*Try it:* Please output only the lines that run from the line containing "Crabe à pinces rouges devant sa cachette" through the end of the material below, exactly.

*** Opening of Supplied data ***

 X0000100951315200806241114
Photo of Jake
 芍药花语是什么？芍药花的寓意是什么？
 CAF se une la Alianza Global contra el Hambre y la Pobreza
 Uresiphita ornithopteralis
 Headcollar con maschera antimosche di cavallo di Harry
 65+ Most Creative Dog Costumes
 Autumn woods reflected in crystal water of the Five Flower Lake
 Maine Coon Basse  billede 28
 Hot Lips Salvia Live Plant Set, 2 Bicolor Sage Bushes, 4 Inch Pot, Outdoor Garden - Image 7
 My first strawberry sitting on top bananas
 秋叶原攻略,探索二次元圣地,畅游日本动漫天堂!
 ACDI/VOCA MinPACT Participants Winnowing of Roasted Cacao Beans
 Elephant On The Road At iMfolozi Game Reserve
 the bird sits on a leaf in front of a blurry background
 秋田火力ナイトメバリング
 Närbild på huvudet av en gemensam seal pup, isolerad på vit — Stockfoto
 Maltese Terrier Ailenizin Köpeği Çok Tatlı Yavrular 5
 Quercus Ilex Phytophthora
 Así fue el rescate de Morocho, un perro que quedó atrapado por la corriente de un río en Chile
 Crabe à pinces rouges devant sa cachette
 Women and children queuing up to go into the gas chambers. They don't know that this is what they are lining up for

*** Close of Supplied data ***

*Solution for this exercise:*
 Crabe à pinces rouges devant sa cachette
 Women and children queuing up to go into the gas chambers. They don't know that this is what they are lining up for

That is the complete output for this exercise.